Abstract

Abstract Languages exhibit structure at a number of levels, including at the level of phonology, the system of meaningless combinatorial units from which words are constructed. Phonological systems typically exhibit greater dispersion than would be expected by chance. Several theoretical models have been proposed to account for this, and a common theme is that such organization emerges as a result of the competing forces acting on production and perception. Fundamentally, this implies a cultural evolutionary explanation, by which emergent organization is an adaptive response to the pressures of communicative interaction. This process is hard to investigate empirically using natural-language data. We therefore designed an experimental task in which pairs of participants play a communicative game using a novel medium in which varying the position of one’s finger on a trackpad produced different colors.
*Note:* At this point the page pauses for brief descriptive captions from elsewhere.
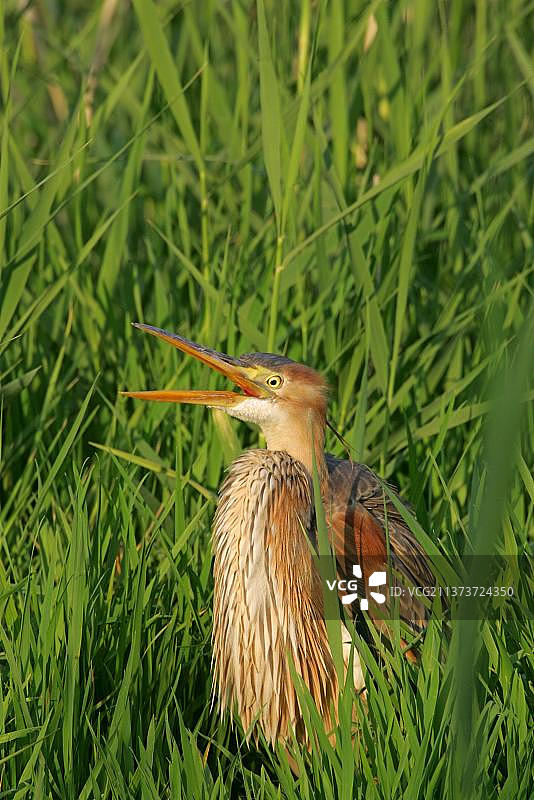 欧洲希腊莱斯沃斯岛芦苇丛中打呵欠的紫鹭幼鸟图片素材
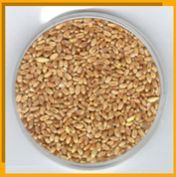 Wheat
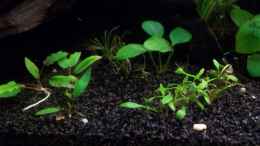 aquarium-von-niko-p--becken-20335_Anubias, Cryptocoryne parva und Cryptocoryne walkeri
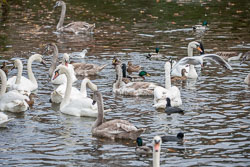River_Avon_Swans-003.jpg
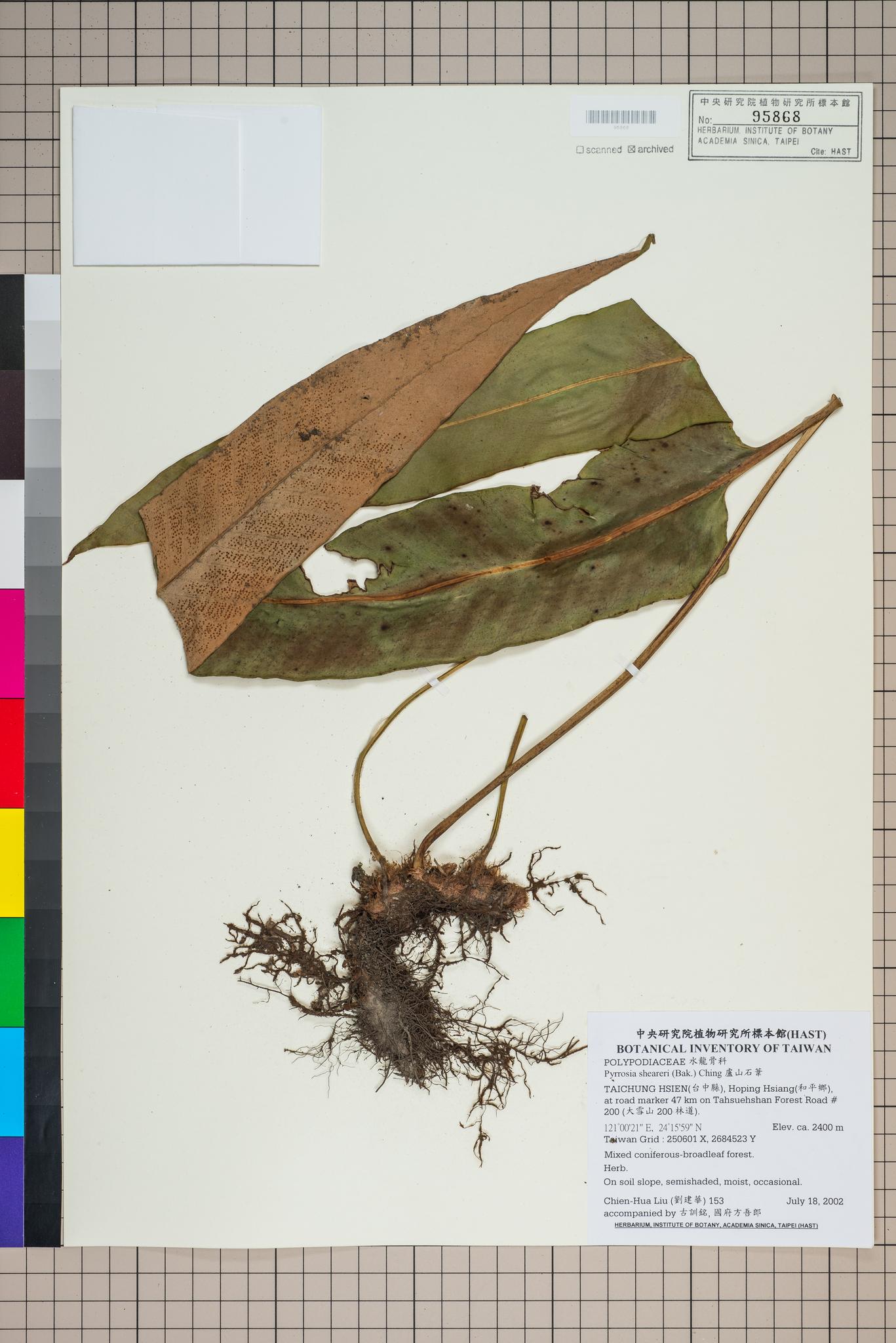 Sample image for viewer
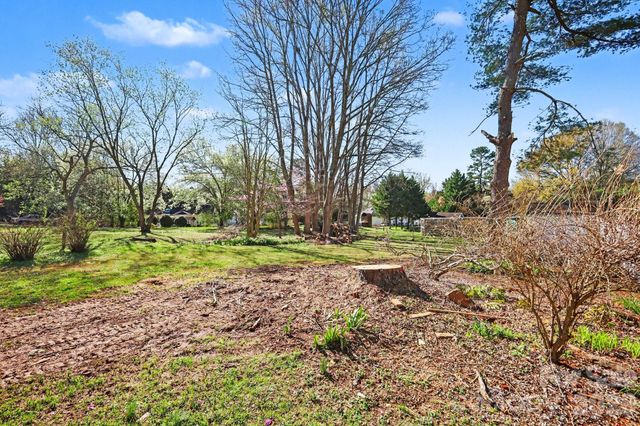 10116 Mountain Apple Drive, Mint Hill, NC 28227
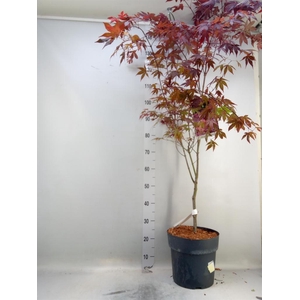 Acer palmatum 'Atropurpureum'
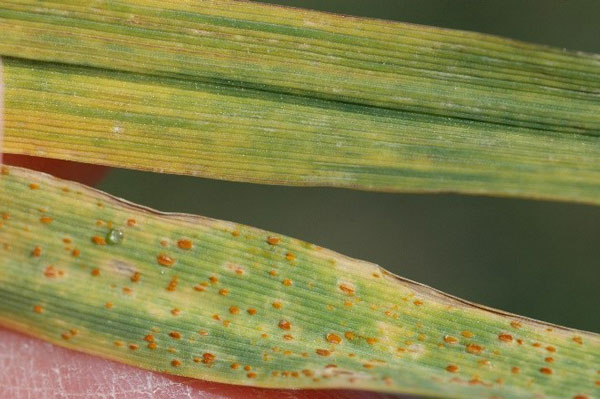 K-State Agronomy tweet media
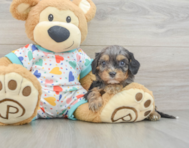 8 week old Cavapoo Puppy For Sale - Seaside Pups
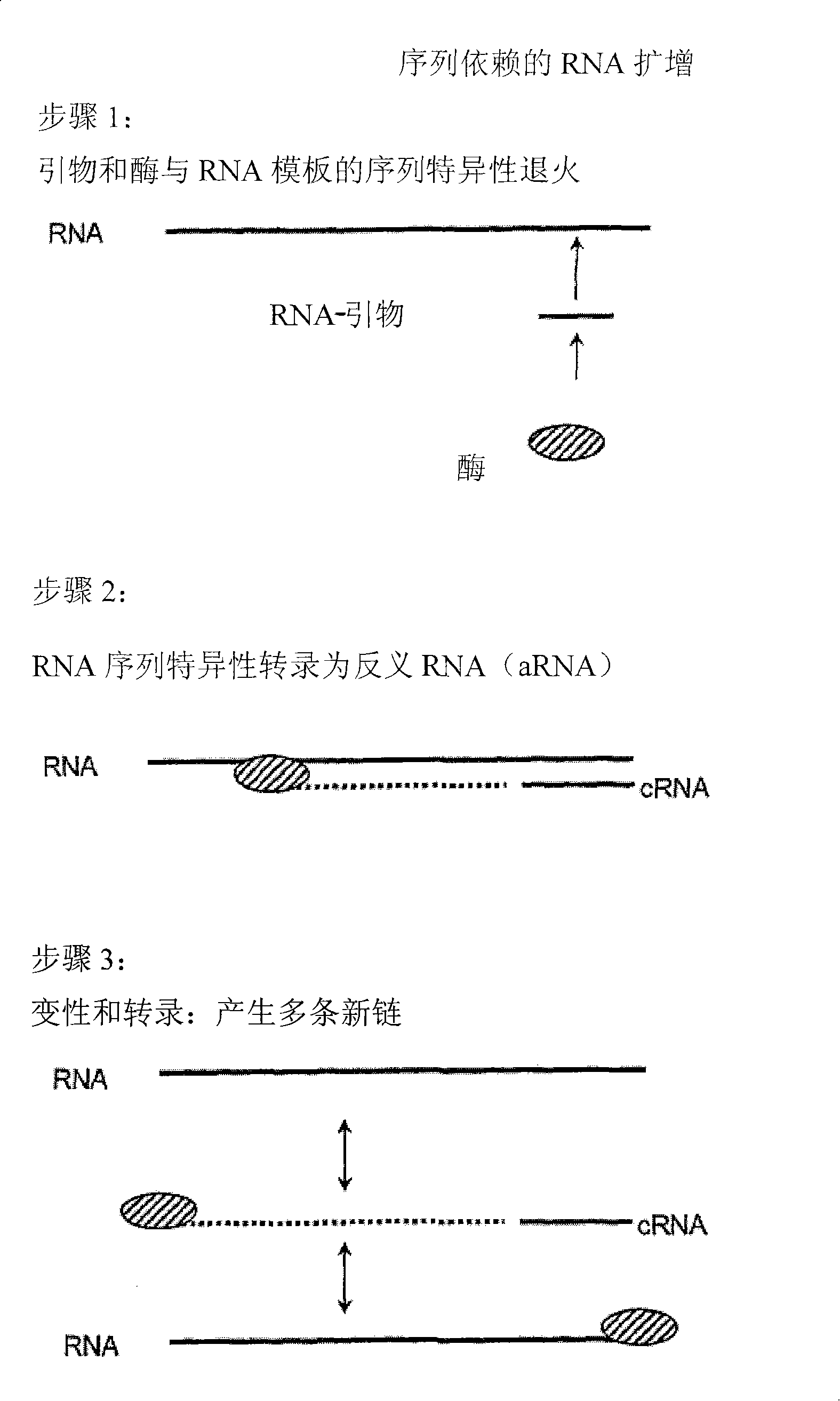 Rna-dependent rna polymerase, methods and kits for the amplification and/or labelling of rna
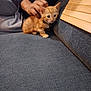 kitten, cat, orange_tabby, pet, collar, bell, couch, gray_fabric, person, hand, sweatpants, long_sleeve_shirt, indoor, wood_panel, seated, furniture, young_animal, cozy, soft_lighting, domestic_animal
This task allowed us to manipulate the alignment of pressures acting on production and perception. Here we used it to investigate (1) whether above-chance levels of dispersion would emerge in the resulting systems, (2) whether dispersion would correlate with communicative success, and (3) how systems would differ if the pressures acting on perception were misaligned with pressures acting on production (and which would take precedence). We found that above-chance levels of dispersion emerged when pressures were aligned, but that the primary driver of communicative success was the alignment of production and perception pressures rather than dispersion itself. When they were misaligned, participants both found the task harder and (driven by perceptual demands) created systems with lower levels of dispersion.